Granted, this is a gross generalization – I’ve seen people on both sides handle this like mature and reasonable people. Then again, it seems the problem is getting worse and worse each year.

First, I want to slash down the argument that Lego should stop the exclusive minifigures. What many Lego fans forget to realize is that San Diego Comic Con is an exclusive event, and every other company and organization and studio that is there is handing out exclusive tokens. It is not unreasonable for a special event to treat its special guests in a special way.
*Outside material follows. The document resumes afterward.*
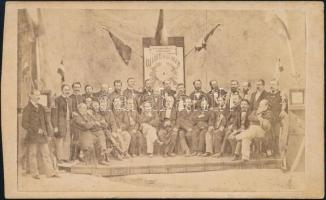 cca 1860 Budai Polgári Lövölde. A lövészegylet tagjainak fényképe.  Alex Schild budai fényképész vizitkártya méretű fotója. 7x11 cm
What the Lego community does not understand is that not everything about Lego’s presence at Comic Con is about the fans – a good portion is about the fans who visited Lego at Comic Con.

Vixen from SDCC, picture courtesy of Brickset

Think about it for just a second – the SDCC Lego fans are fans who have deliberately taken time to interact with Lego at the event, at the expense of tickets, line-waiting, and sometimes travel expenses, airfare, accommodations, etc. It’s a big event and for the fans who take the time to interact with Lego, it does not seem unreasonable for them to walk away with a special token commemorating their time.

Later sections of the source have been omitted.